藤沢市の条例:市内全駅周辺が路上喫煙禁止区域
江の島の玄関口は、小田急江ノ島線の片瀬江ノ島駅、江ノ島電鉄の江ノ島駅、湘南モノレールの湘南江の島駅の 3 駅です。藤沢市は「市内全駅周辺を路上喫煙禁止区域として順次指定」していると公式に案内しており、この 3 駅についても路上喫煙禁止区域図を PDF で公開しています。禁止区域内では、条例第 8 条第 3 項により「灰皿が設置されている喫煙場所以外で喫煙をしてはならない」とされています。つまり、駅を降りてから江の島へ向かう区間は、原則として歩きながら吸える場所ではありません。
条例の定義も押さえておく価値があります。第 2 条第 5 号は「喫煙」を「たばこを吸うこと又は火のついたたばこを所持すること」と定義しています。火のついたたばこを手に持って歩いている状態そのものが「喫煙」に当たる、という読み方になります。
- 禁止区域内:灰皿が設置されている喫煙場所以外での喫煙は禁止(条例第 8 条第 3 項)
- 市内全域:歩行中・自転車等で走行中は喫煙しないよう努める義務(条例第 7 条第 1 項)
- 市内全域:喫煙する際は携帯用灰皿を携帯するか、灰皿が設置された場所で喫煙する努力義務(条例第 7 条第 2 項)
- 公共の場所:公園、広場、道路に加えて「海岸」も含む(条例第 2 条第 4 号)
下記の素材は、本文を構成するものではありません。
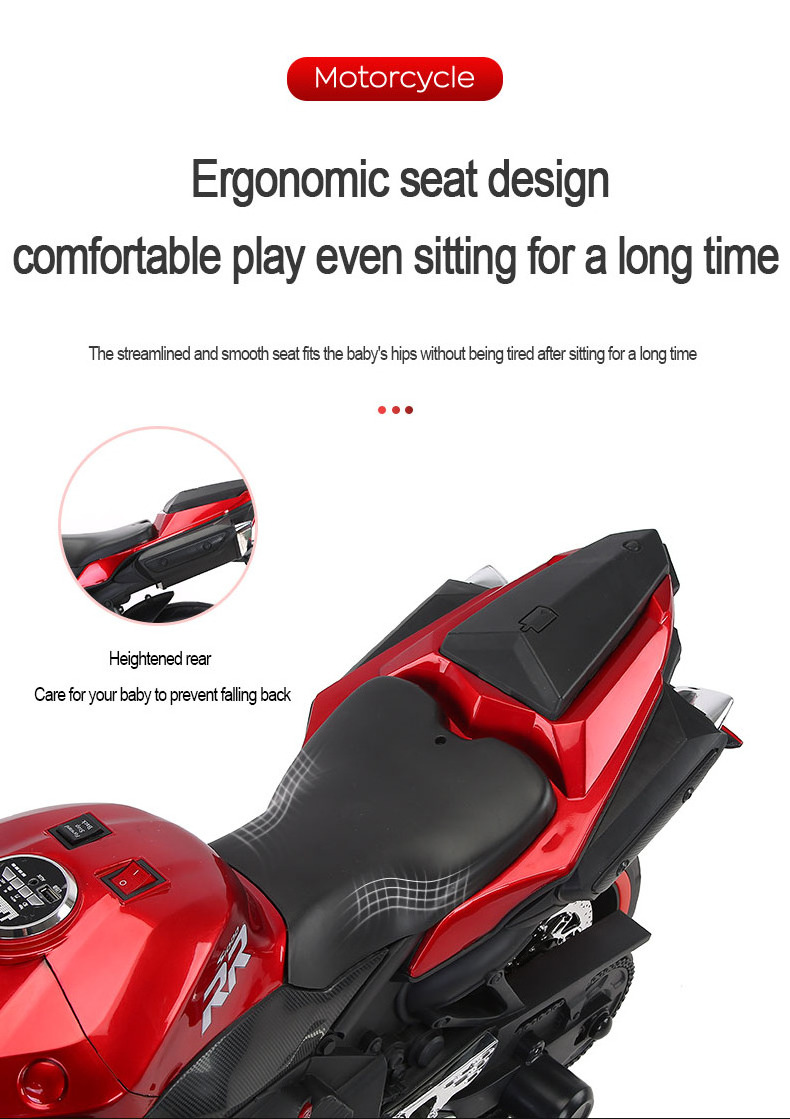 Manufactory direct kids  electric motorcycle ride on car for kids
- 吸い殻:公共の場所への投棄・放置は禁止(条例第 9 条)
- 藤沢駅北口喫煙所は再整備され 2026 年 2 月 24 日から供用開始と市公式が案内
罰則は「過料」ではなく「命令違反に対する罰金」
藤沢市の条例の罰則は、他自治体でよく見る「違反行為に即時に過料 2,000 円」といった方式とは異なります。まず第 13 条により、市長は第 8 条第 3 項(禁止区域内の喫煙)、第 9 条(ポイ捨て)などに違反した者に対し、違反行為の中止や是正措置を勧告できます。勧告に従わない場合、第 14 条第 1 項により命令を出すことができ、その命令に違反した者が第 18 条で「20,000 円以下の罰金」に処されます。罰金は刑事罰であり、過料とは性質が異なります。段階的な仕組みではありますが、禁止区域内での路上喫煙が条例上の禁止行為であることに変わりはありません。
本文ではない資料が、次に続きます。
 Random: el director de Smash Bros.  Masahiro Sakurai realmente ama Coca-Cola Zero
なお、条例の附則によれば、条例自体は平成 19 年 7 月 20 日から施行され、罰則規定である第 17 条・第 18 条は同年 12 月 1 日から施行されています。
片瀬海岸:条例上の「公共の場所」に海岸が含まれます
江の島の対岸に広がる片瀬東浜・片瀬西浜は、夏になると多くの人が訪れる砂浜です。藤沢市の条例は第 2 条第 4 号で「公共の場所」を「公園、広場、道路、海岸その他の公共の用に供する場所」と定義しており、海岸が明示的に含まれています。したがって、砂浜であっても第 7 条の歩行喫煙をしない努力義務と携帯用灰皿の携帯に関する努力義務が及び、第 9 条の吸い殻の投棄・放置の禁止も適用されます。砂浜に吸い殻を埋めたり置いていったりすることは、条例が明確に禁じている行為です。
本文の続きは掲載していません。